- [Extracted records]
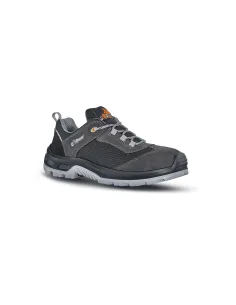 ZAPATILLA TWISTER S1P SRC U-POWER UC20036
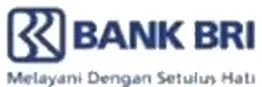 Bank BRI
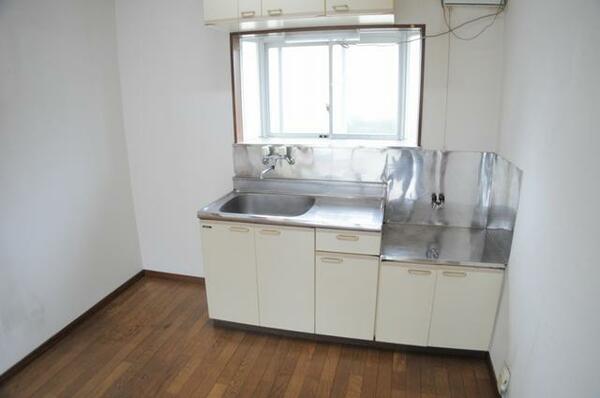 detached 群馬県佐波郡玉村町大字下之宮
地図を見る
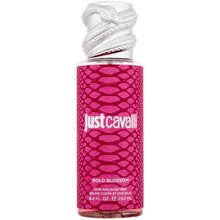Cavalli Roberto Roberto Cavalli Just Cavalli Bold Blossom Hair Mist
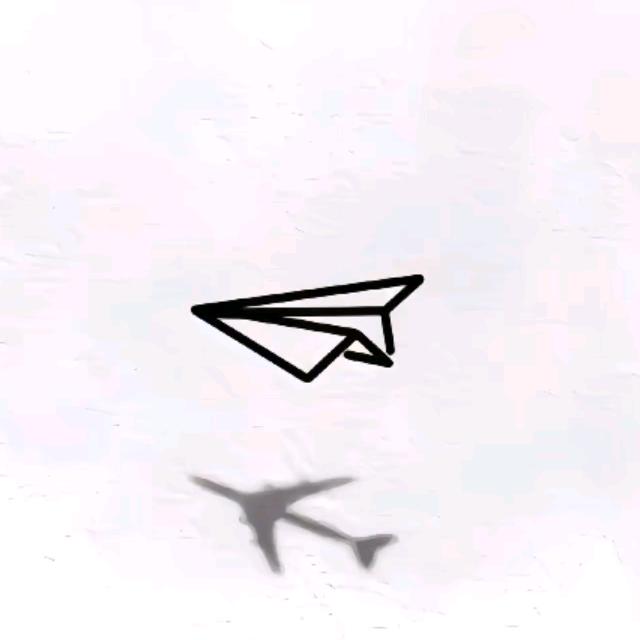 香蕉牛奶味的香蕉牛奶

- [Problem] Give back the whole listing exactly as it stands. Drop every picture.

- [Answer space]
 ZAPATILLA TWISTER S1P SRC U-POWER UC20036
 Bank BRI
 detached 群馬県佐波郡玉村町大字下之宮
地図を見る
Cavalli Roberto Roberto Cavalli Just Cavalli Bold Blossom Hair Mist
 香蕉牛奶味的香蕉牛奶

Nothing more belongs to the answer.